A better look at big data
The old adage that “bigger is better” may or may not be true when it comes to data. Nevertheless, big data has become a fact of life that impacts all areas of society, including scientific research. Paul McNicholas, Canada Research Chair in Computational Statistics, is developing new, computationally intensive statistical methods to get a better insight into big, and otherwise complex, data.
Some data sets have many measurements taken for each observation. While statisticians and computer scientists routinely deal with data that can contain hundreds or thousands of variables, modern data sets often have upwards of ten thousand variables. Unfortunately, there is a lack of effective methodology for this so-called “ultra high-dimensional” data.

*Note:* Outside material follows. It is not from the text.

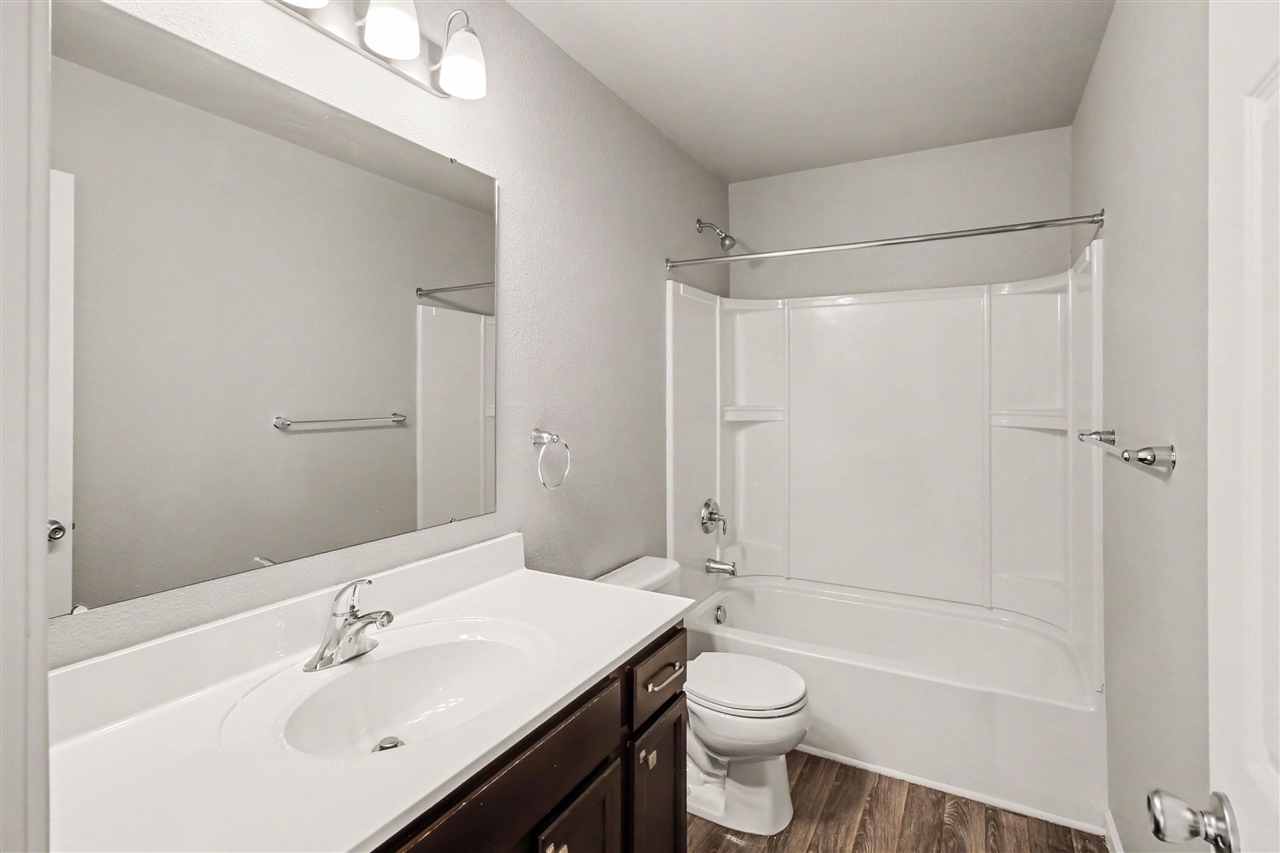 Photo 4 of Sale Pending at 1181 Weatherstone Ln, Howell, MI 48843 | MLS# 70555608 | Listing updated on 2026-09-12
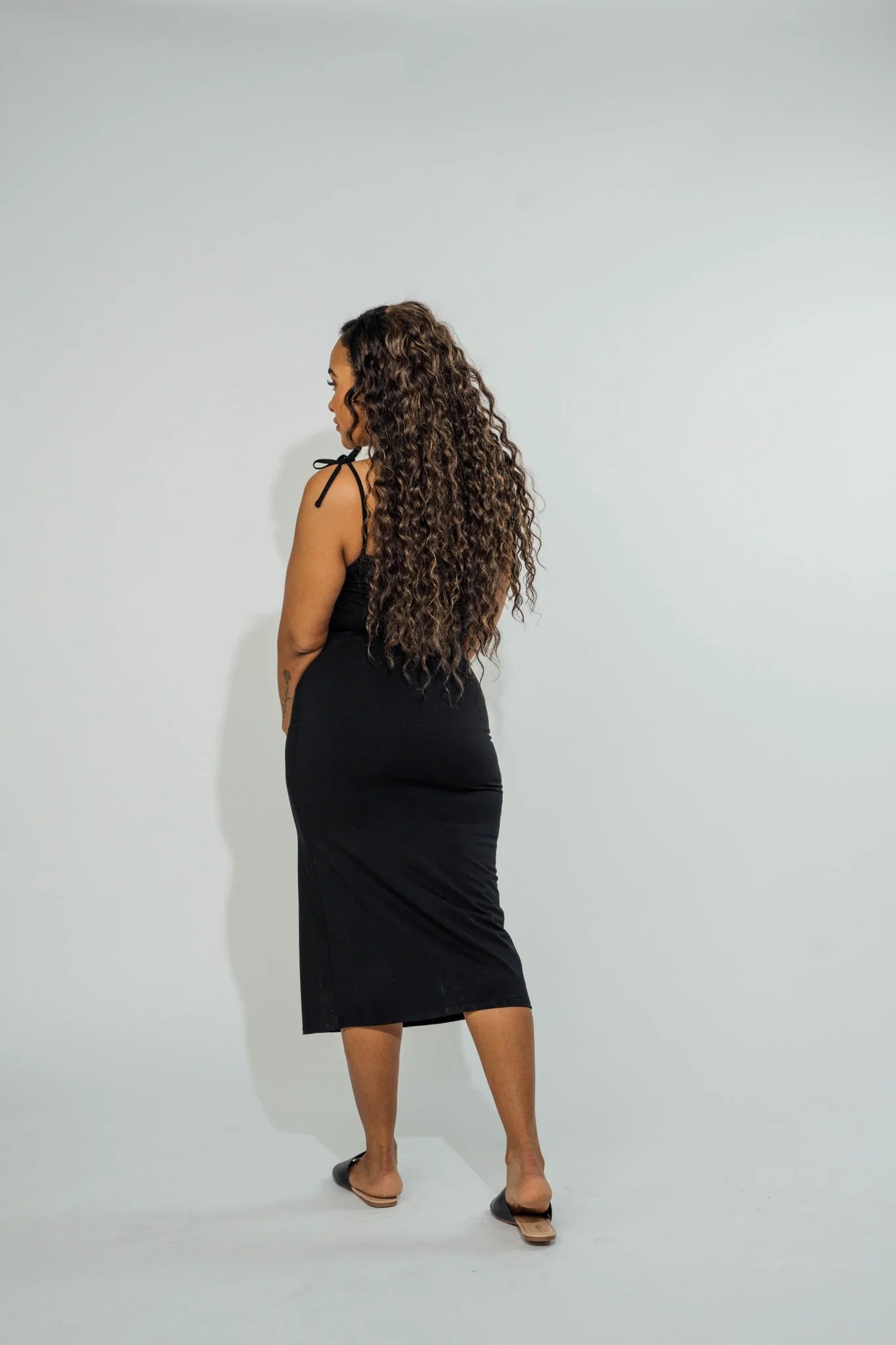 Wildflo Studio The Strappy Midi Dress in Jet at Style Society Marketplace back of dress for all body shapes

McNicholas is combining expertise in computing and statistics to develop computational statistics approaches for this type of data. He will focus on methods that find subgroups of similar observations and are applicable in any setting where ultra high-dimensional data exists—from management science to disease diagnostics and bioinformatics.
McNicholas is also developing computational statistics methods that will allow users to make sense of massive data sets with measurements of different types. Similar to his work on ultra high-dimensional data, this work promises to simplify and facilitate data analytics in many fields of social, economic, and scientific endeavour.
McNicholas’ research will help create statistical approaches to data that can: look for subtypes of certain cancers; help identify candidate genes for modification to allow food crops to grow in developing countries; and combine genetic, fitness, and other health data to study the relationship between obesity, genes, nutrition, and exercise.